**How to complete this task:** Only one stretch of the material below is wanted: everything from the line containing "Querlenker links heck BMW 1 M1 F40 6881362" down to the line containing "Foto 5 de Sala", both ends included. Repeat it exactly and skip the pictures.

Content starts

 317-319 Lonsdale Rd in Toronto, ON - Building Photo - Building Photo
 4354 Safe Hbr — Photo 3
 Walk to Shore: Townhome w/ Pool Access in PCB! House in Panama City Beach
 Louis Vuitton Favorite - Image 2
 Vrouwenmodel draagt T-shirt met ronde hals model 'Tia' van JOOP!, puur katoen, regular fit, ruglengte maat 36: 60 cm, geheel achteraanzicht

Content ends
Content starts

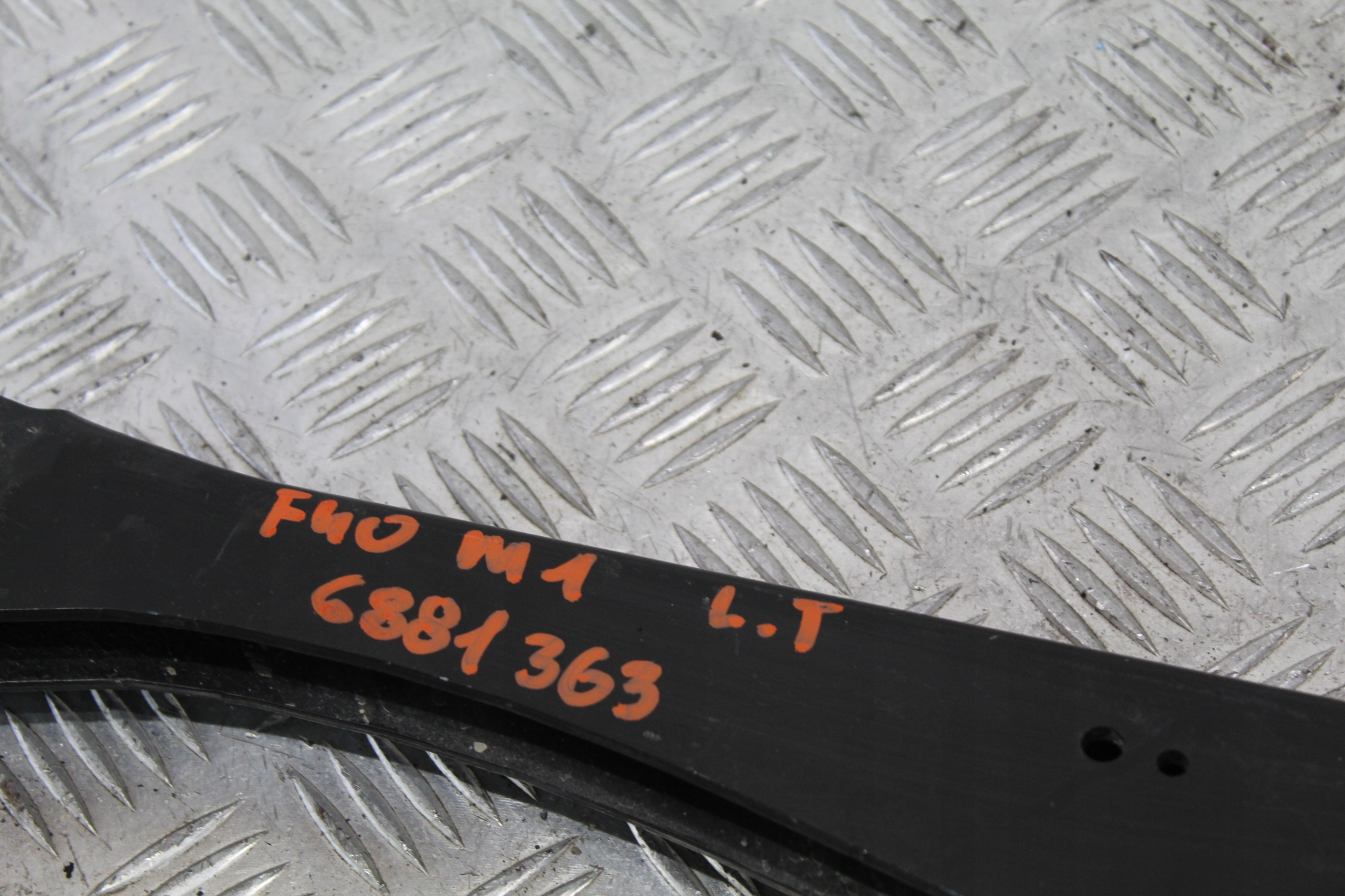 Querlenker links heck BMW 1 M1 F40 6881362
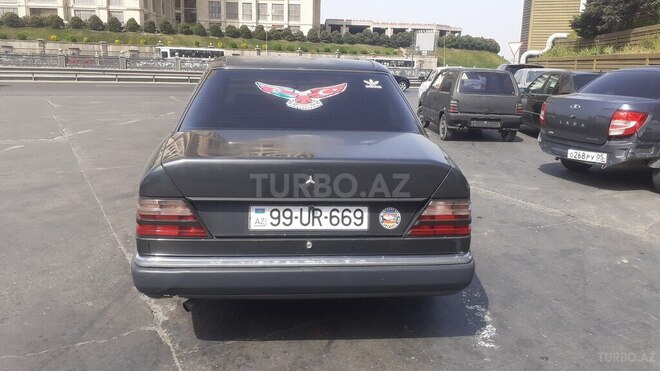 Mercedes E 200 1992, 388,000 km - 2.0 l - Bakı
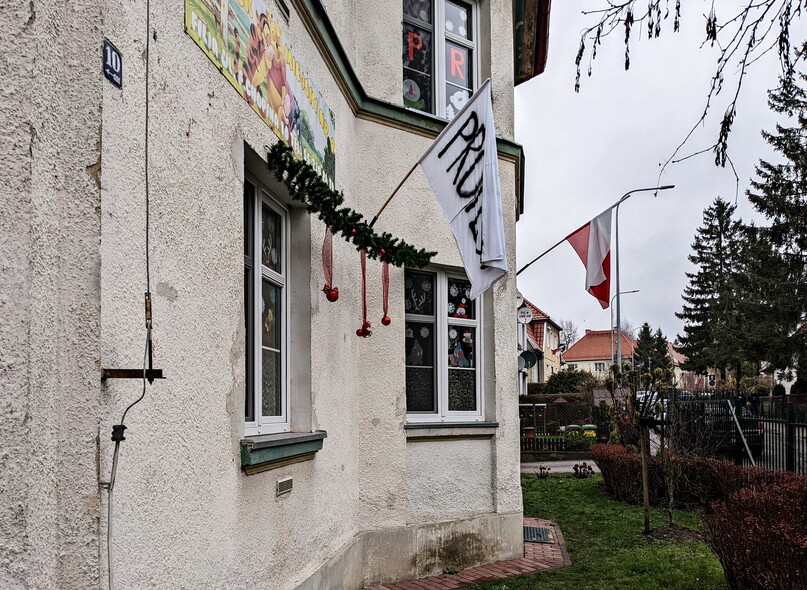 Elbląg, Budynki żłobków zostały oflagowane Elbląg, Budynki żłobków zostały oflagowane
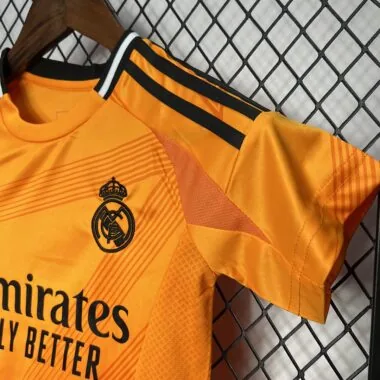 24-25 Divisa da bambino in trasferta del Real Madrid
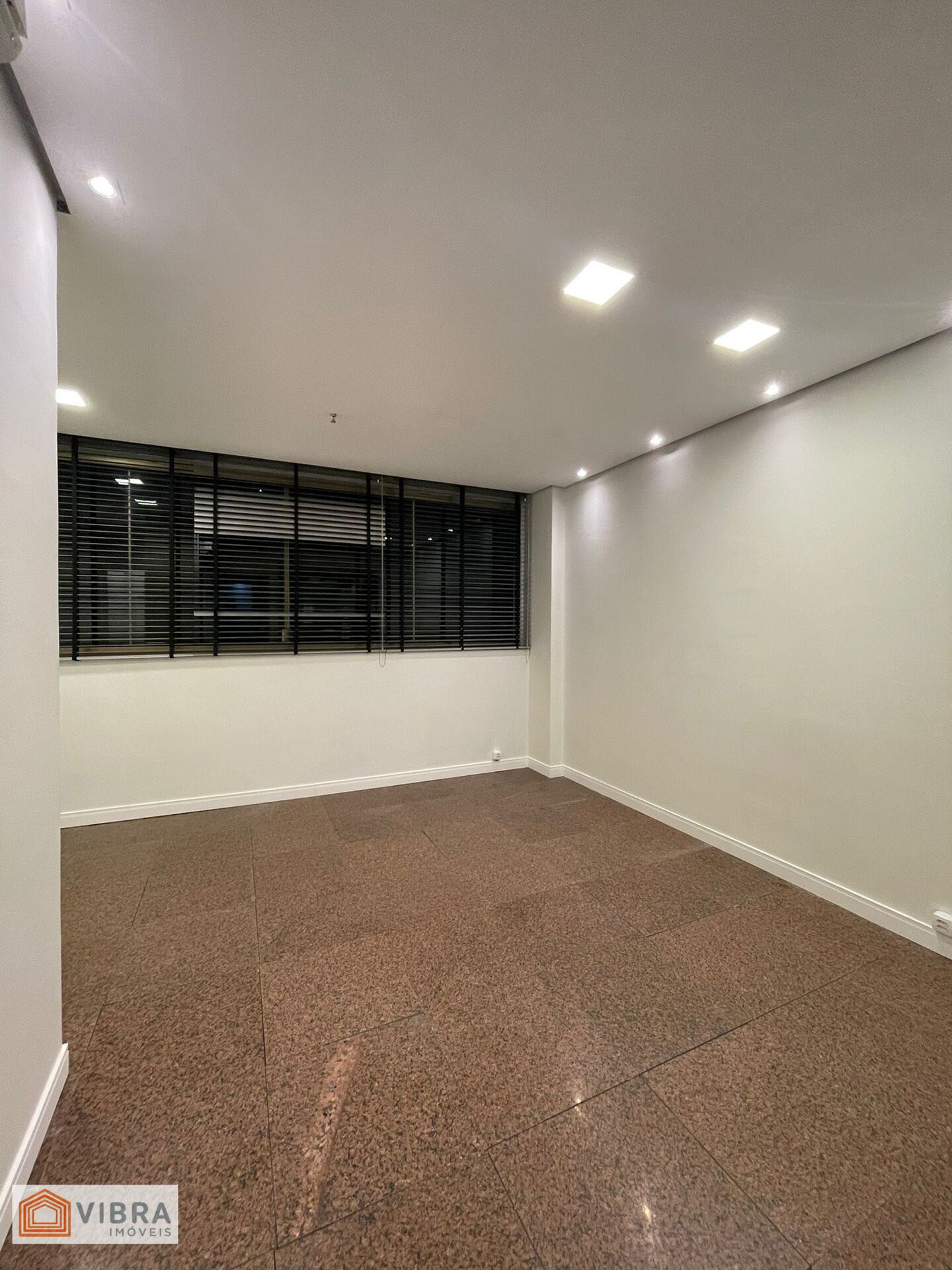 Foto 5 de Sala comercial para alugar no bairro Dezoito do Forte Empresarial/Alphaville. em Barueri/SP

Content ends

**Written answer:**
 Querlenker links heck BMW 1 M1 F40 6881362
 Mercedes E 200 1992, 388,000 km - 2.0 l - Bakı
 Elbląg, Budynki żłobków zostały oflagowane Elbląg, Budynki żłobków zostały oflagowane
 24-25 Divisa da bambino in trasferta del Real Madrid
 Foto 5 de Sala comercial para alugar no bairro Dezoito do Forte Empresarial/Alphaville. em Barueri/SP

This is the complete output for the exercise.